Please return the full listing exactly as written, with the images removed.

EXTRACTED INFORMATION START

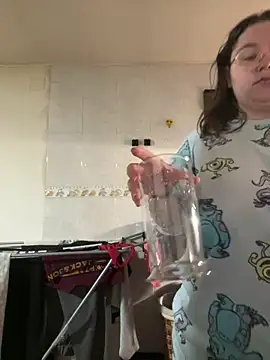 Snapshot of _maracr19_ chatting on 7, 2, 2026 maracr19 online show from 7, 2, 2026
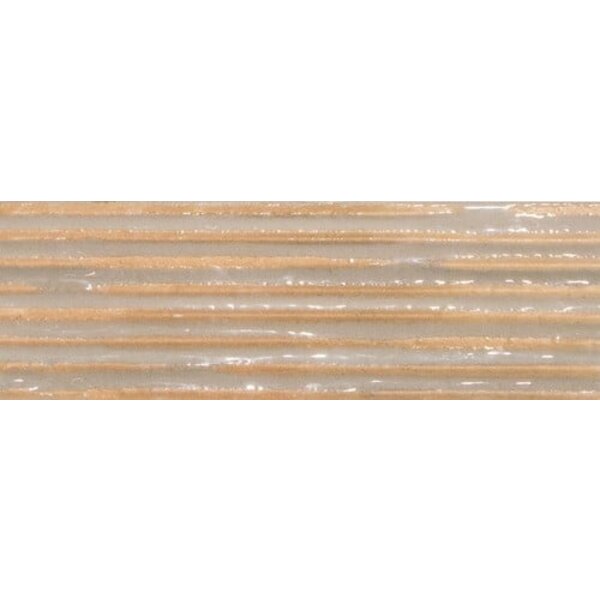 Casablanca Comb Ash 5x15, afname per doos van 0,533 m²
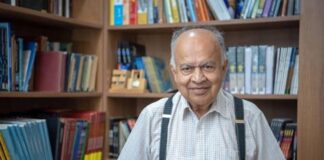 विज्ञान प्रसार, जन भाषाएं और जयंत नार्लीकर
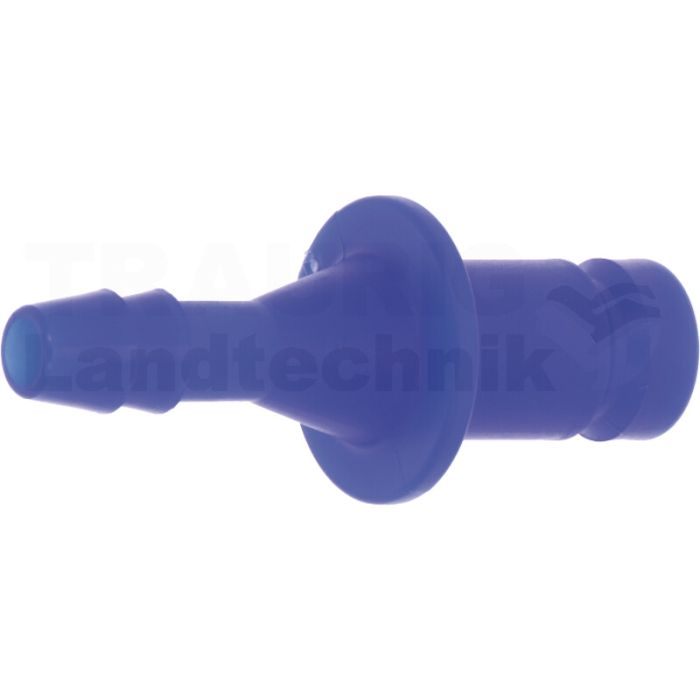 Stecker
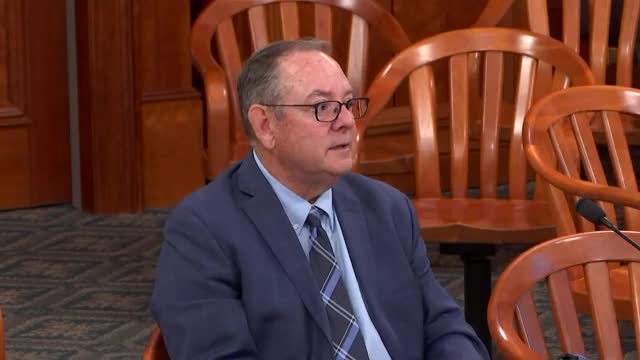 Michigan's mental health courts grow to 42 with focus on substance abuse treatment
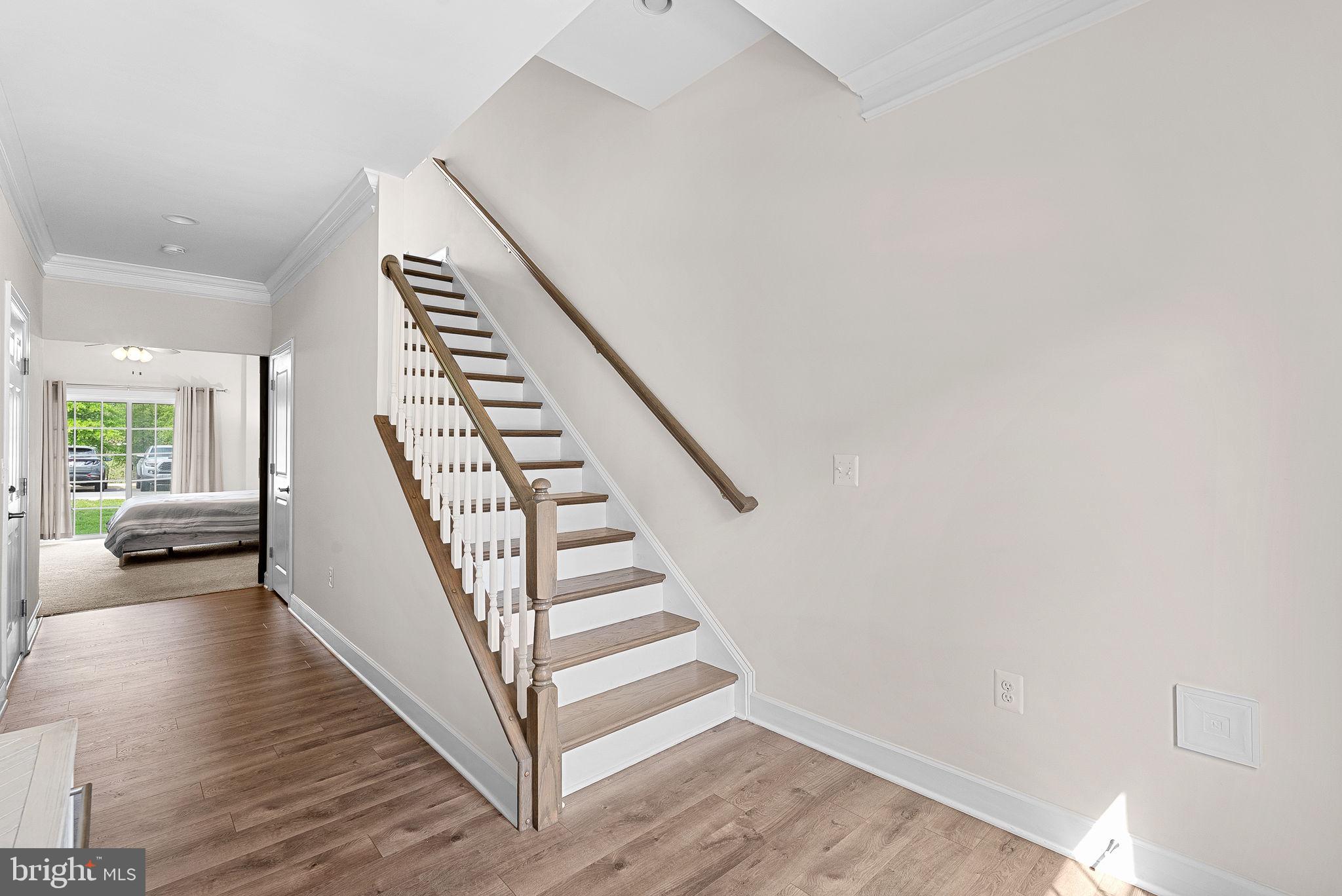 15292 WESTHAM COURT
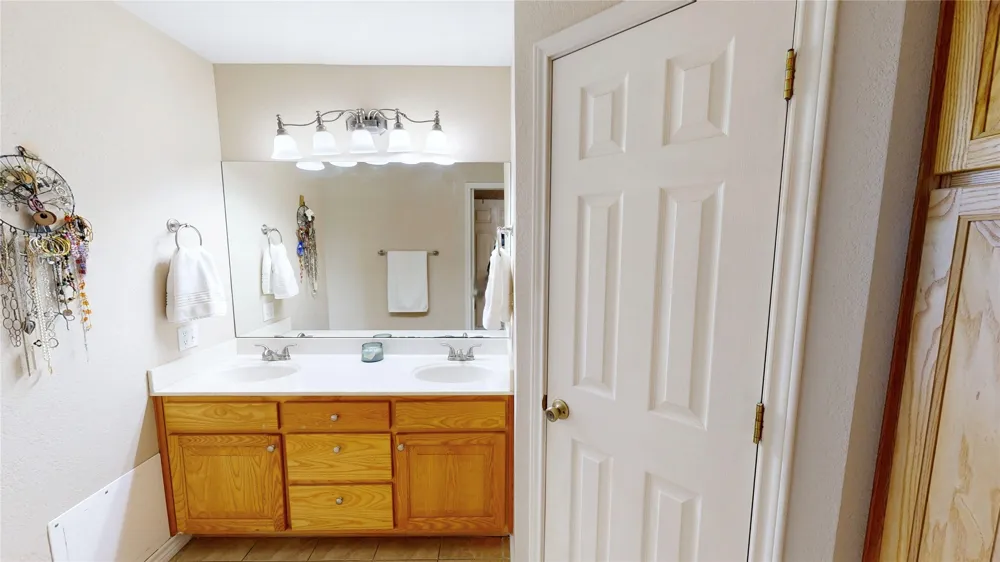 119 Casey Lane Graford, TX 76449
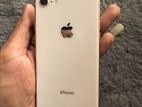 Apple iPhone 8 (Used)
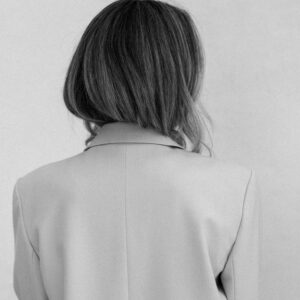 Elevae_1225_140379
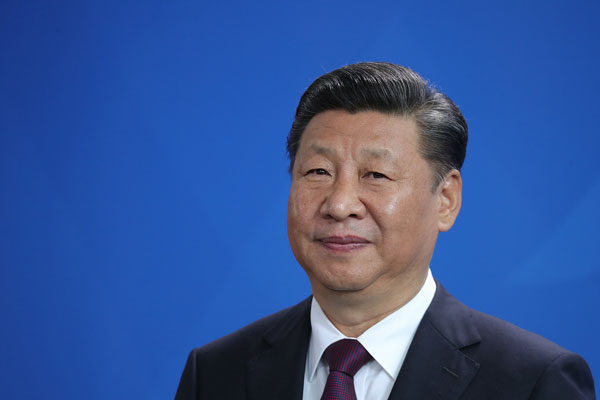 Xi no es el único: los líderes que han buscado, y logrado, aferrarse al poder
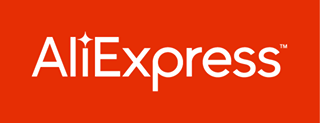 AliExpress
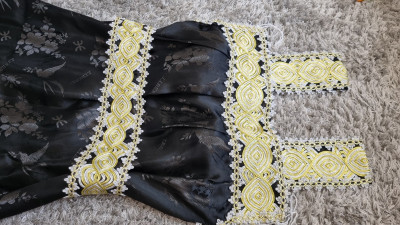 traditional-clothes-robe-kabyle-souidania-algiers-algeria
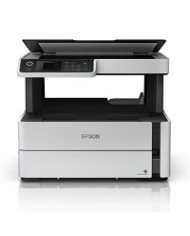 Impresora Epson Multifuntional Printer EcoTank M2170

EXTRACTED INFORMATION END

* **EXERCISE SOLUTION**
 Snapshot of _maracr19_ chatting on 7, 2, 2026 maracr19 online show from 7, 2, 2026
 Casablanca Comb Ash 5x15, afname per doos van 0,533 m²
 विज्ञान प्रसार, जन भाषाएं और जयंत नार्लीकर
 Stecker
 Michigan's mental health courts grow to 42 with focus on substance abuse treatment
 15292 WESTHAM COURT
 119 Casey Lane Graford, TX 76449
 Apple iPhone 8 (Used)
 Elevae_1225_140379
 Xi no es el único: los líderes que han buscado, y logrado, aferrarse al poder
 AliExpress
 traditional-clothes-robe-kabyle-souidania-algiers-algeria
 Impresora Epson Multifuntional Printer EcoTank M2170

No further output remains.